* ACTIVITY
Give the entries back exactly as they stand, but without pictures.

* SUPPLIED MATERIAL
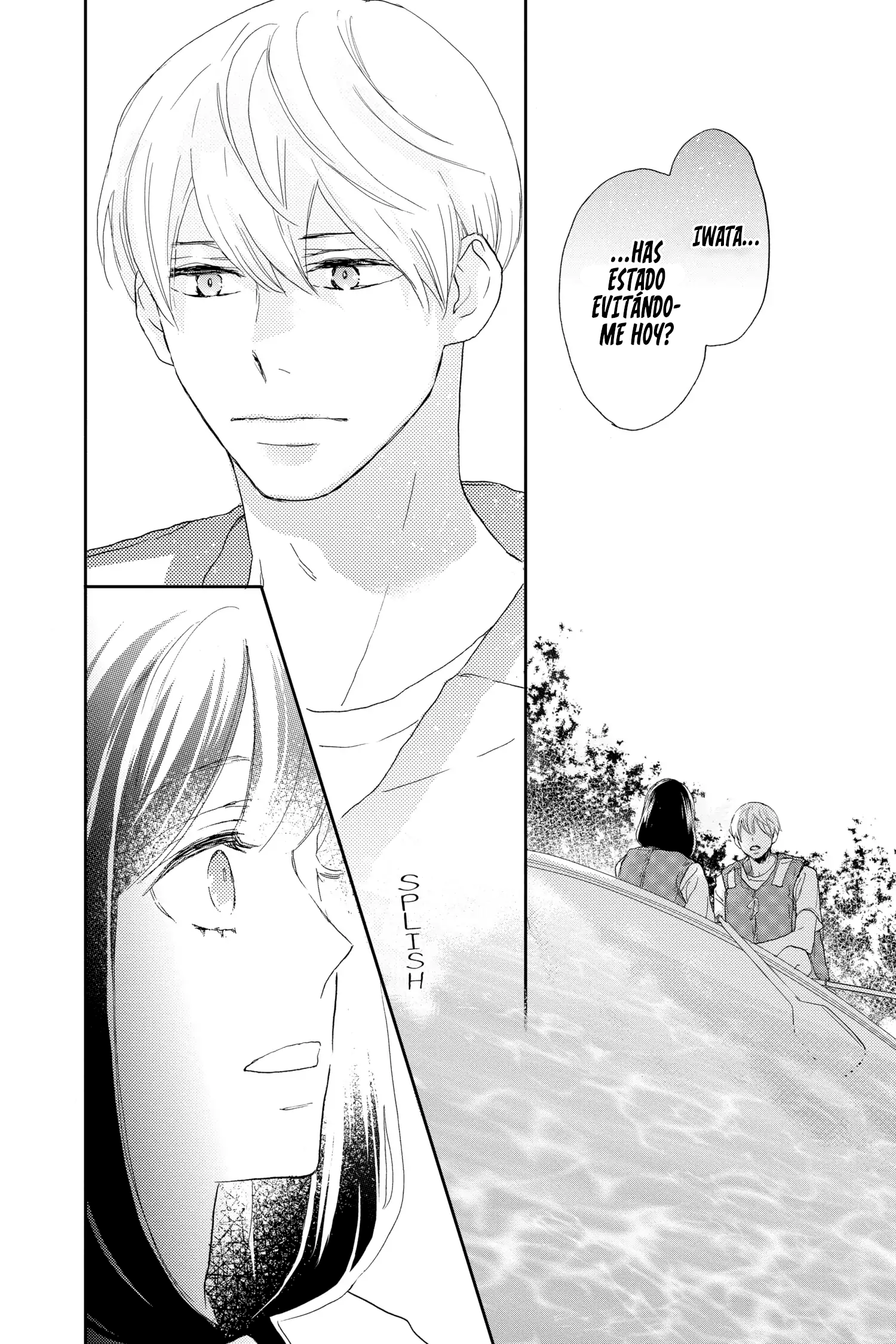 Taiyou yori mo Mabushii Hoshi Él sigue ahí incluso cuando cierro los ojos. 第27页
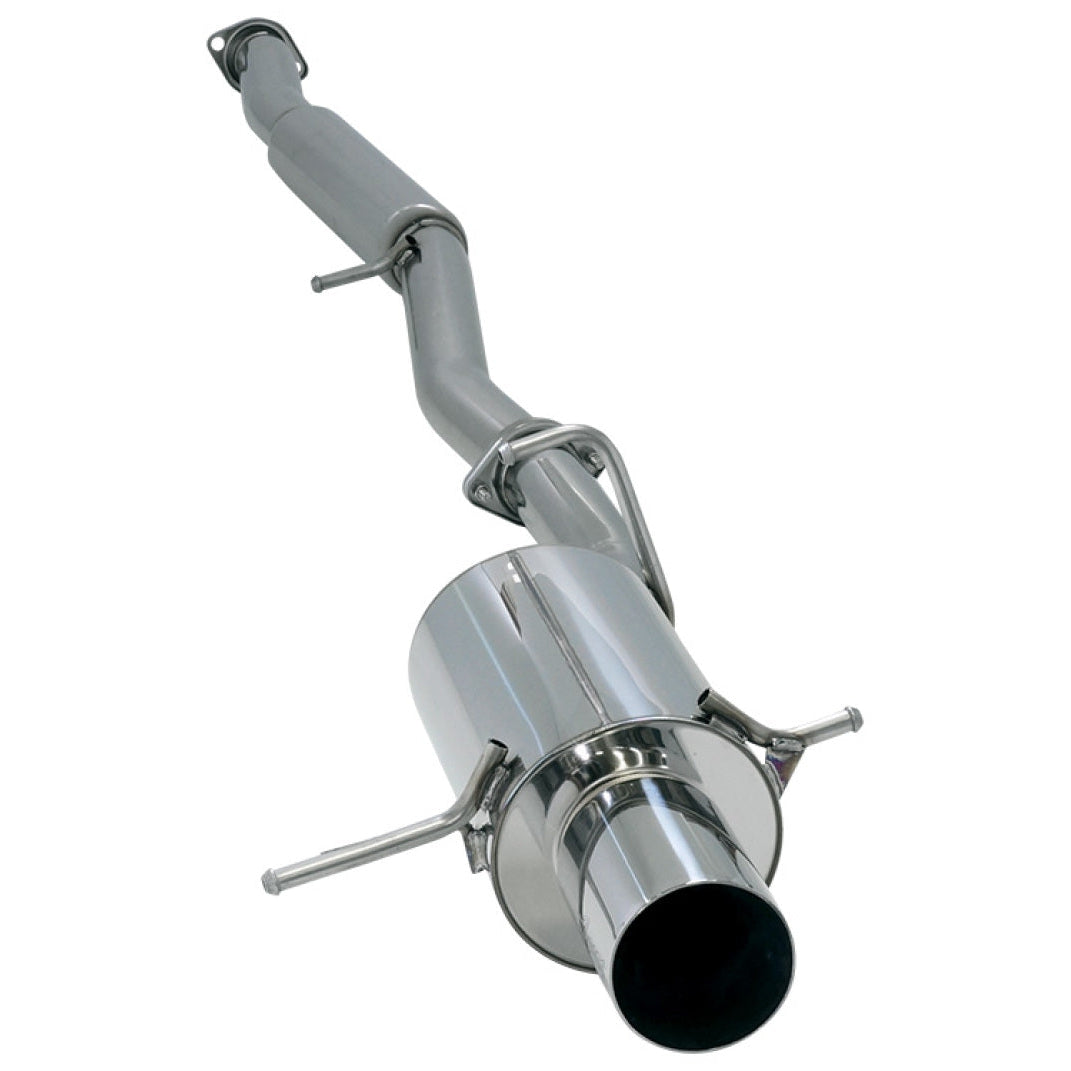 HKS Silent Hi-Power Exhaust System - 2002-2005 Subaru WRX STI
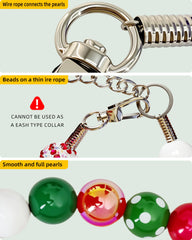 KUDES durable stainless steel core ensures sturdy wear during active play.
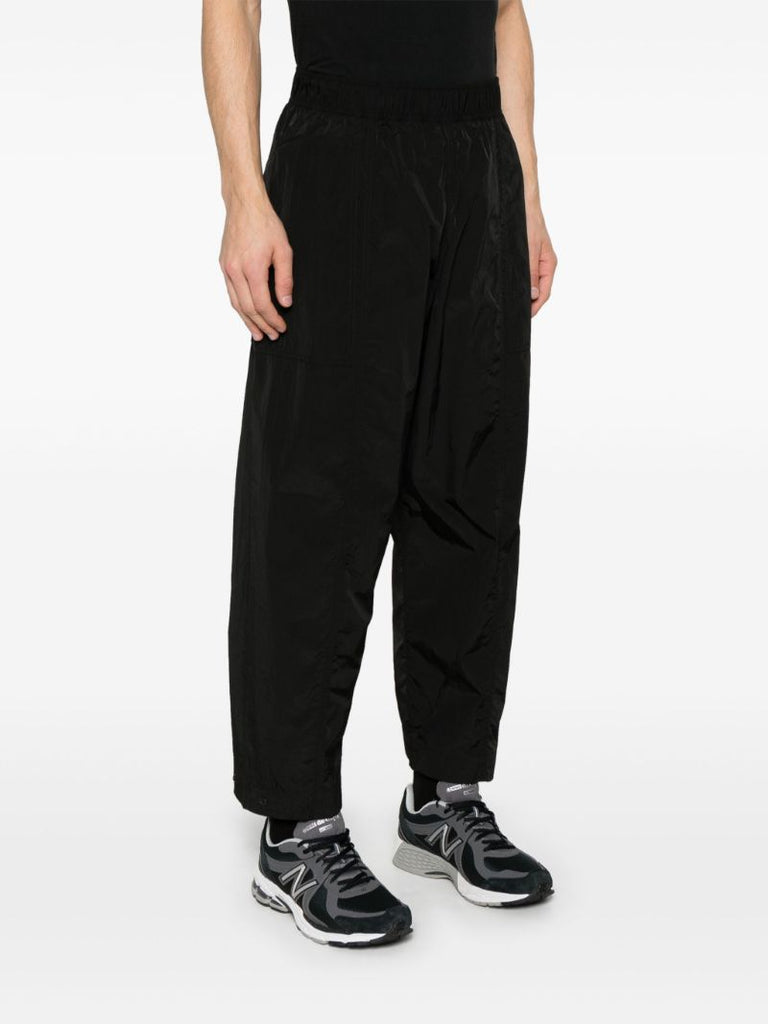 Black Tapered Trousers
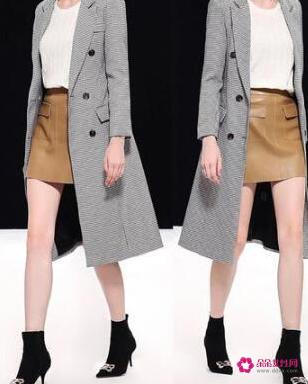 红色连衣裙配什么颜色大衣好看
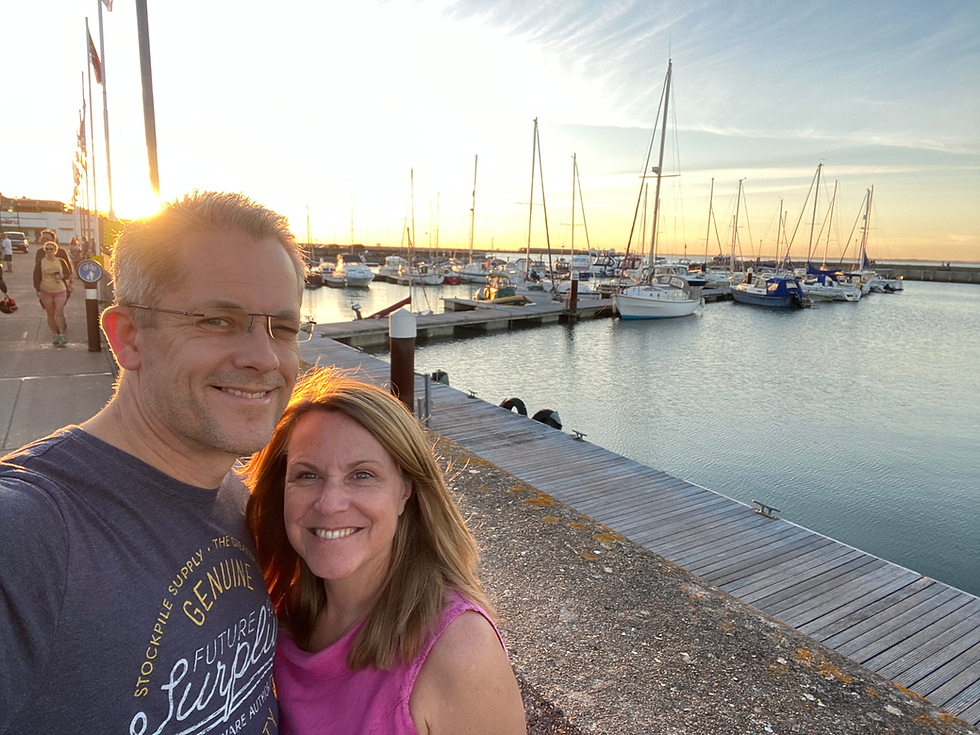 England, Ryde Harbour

* REPLY
 Taiyou yori mo Mabushii Hoshi Él sigue ahí incluso cuando cierro los ojos. 第27页
 HKS Silent Hi-Power Exhaust System - 2002-2005 Subaru WRX STI
 KUDES durable stainless steel core ensures sturdy wear during active play.
 Black Tapered Trousers
 红色连衣裙配什么颜色大衣好看
 England, Ryde Harbour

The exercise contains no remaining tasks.